Iran pays 4-5 times more for importing spare aircraft parts
Baku, Azerbaijan, May 10
By Umid Niayesh - Trend:
Iran pays four to five times more for importing aircraft spare parts, the deputy director of the Airline of the Islamic Republic of Iran (Iran Air) said.
"The country's aviation industry suffers the lack of the modern technology," Mohammad Reza Khoshnevisan said, Iran's ISNA news agency reported on May 10.
He went on to say that, ageing fleet as well as import of aircraft and its spare parts are the main challenge of the Iranian airlines.
Iran's four largest carriers - Iran Air, Aseman Airlines, Mahan Air and Iran Air Tours - all have average fleet age above 22 years, according to the Iranian media outlets.

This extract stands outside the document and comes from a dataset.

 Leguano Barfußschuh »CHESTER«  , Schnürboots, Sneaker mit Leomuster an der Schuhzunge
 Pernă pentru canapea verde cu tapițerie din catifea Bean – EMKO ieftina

Iran's aviation industry has been seriously affected by international sanctions, Khoshnevisan said, adding that the Iranian airlines are not able to compete with foreign companies.
"Iran's old planes consume 2-3 times more fuel compared to the new planes," he explained. "Iranian airlines are not able to renew their fleet since the 1979 revolution due to sanctions."

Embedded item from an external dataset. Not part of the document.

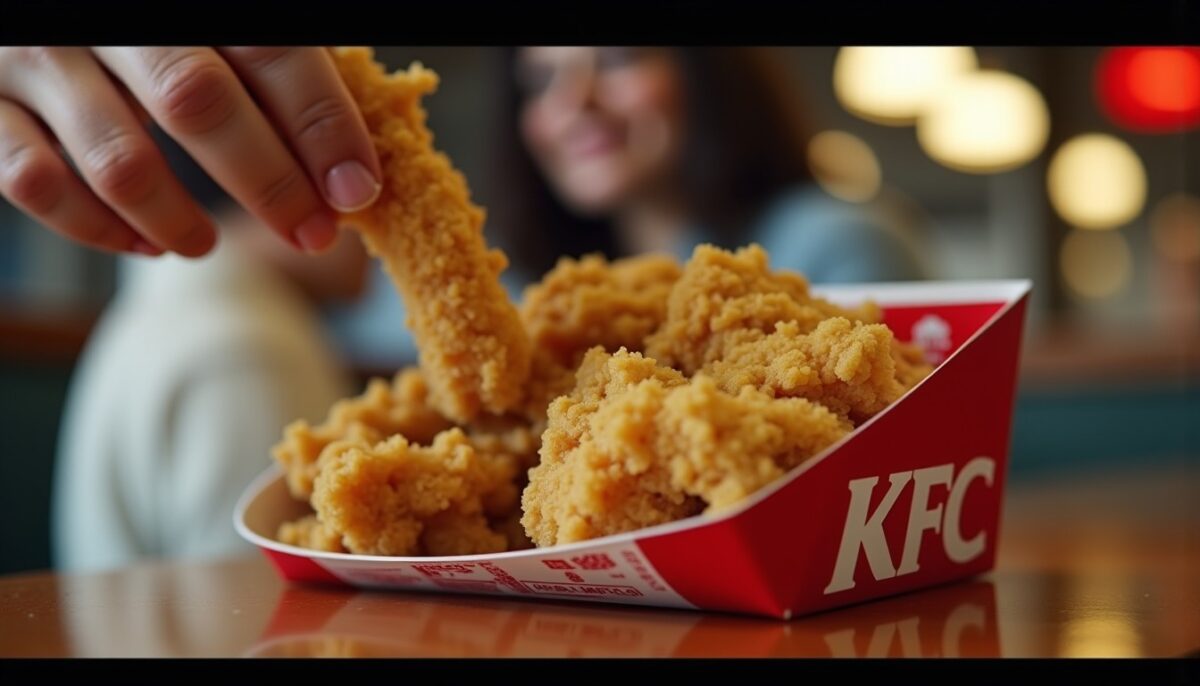 KFC gratuit : Découvrez 5 astuces faciles pour savourer un menu offert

Out of Iran's 250 commercial planes, about 150 were flying while the rest are "not functional" due to a lack of spare parts, Ali Reza Jahangirian, head of Iran's Civil Aviation Organisation said on May 1.

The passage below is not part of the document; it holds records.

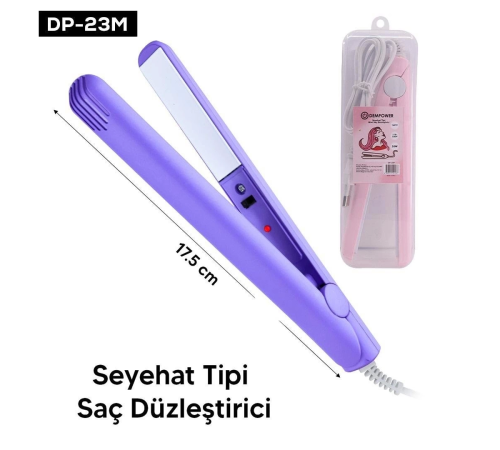 Dempower Seyahat Tipi Saç Düzleştirici Dempower Seyahat Tipi Saç Düzleştirici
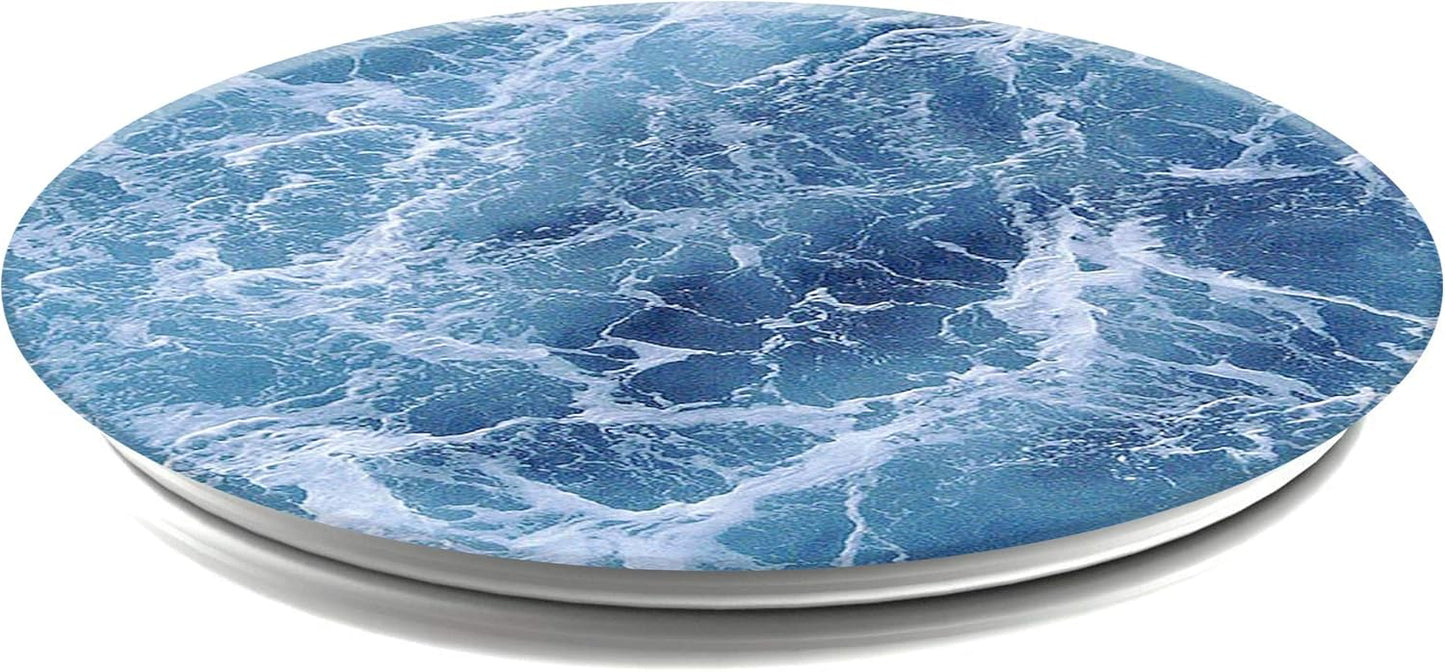 PopSockets: Collapsible Grip & Stand for Phones and Tablets - Ocean From The Air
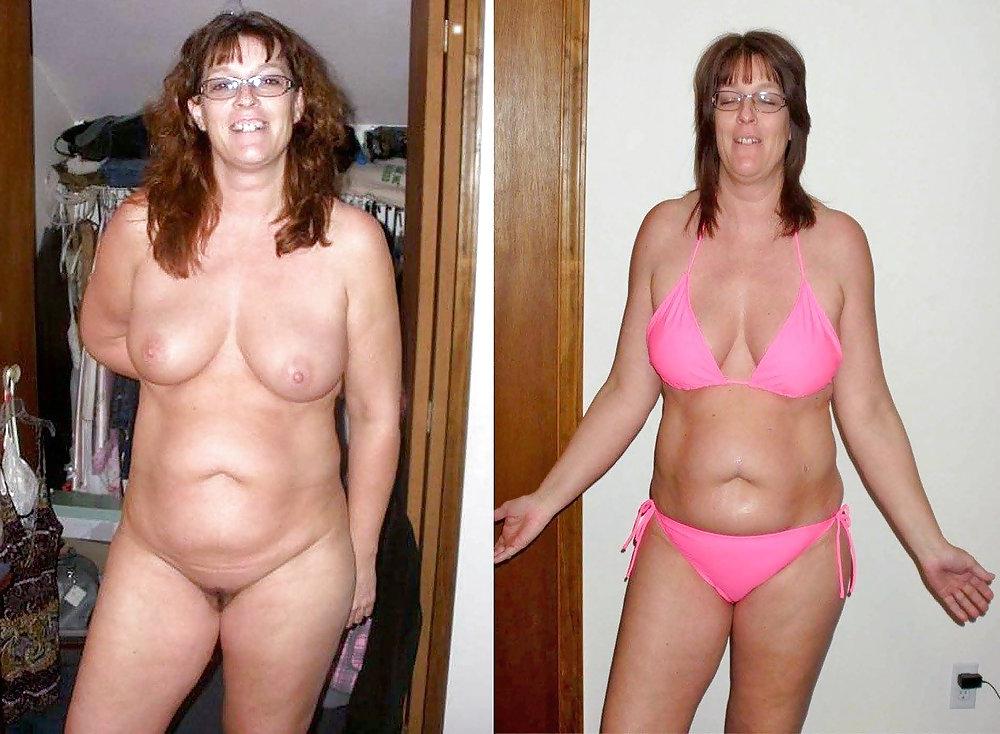 20P Dressed-Undressed - bikini 1.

Iran agreed in November to curtail its nuclear activities for six months from Jan. 20 in exchange for sanctions relief from Britain, China, France, Germany, Russia and the United States. The deal provides for the sale of parts to flag carrier Iran Air, the fleet of which includes vintage Boeing and Airbus (AIR.PA) jetliners delivered as long ago as 1978.
A complete lifting of sanctions would require a comprehensive deal to end a decade-long stand-off over what Tehran maintains is a nuclear program for peaceful energy purposes.
The current, preliminary deal allows for the limited sale of commercial plane parts and services to Iran.
General Electric Co. (GE) has won U.S. Treasury approval to service 18 engines sold to Iran in the late 1970s. They will be serviced at facilities owned by GE or Germany's MTU Aero Engines, which is licensed to do the work.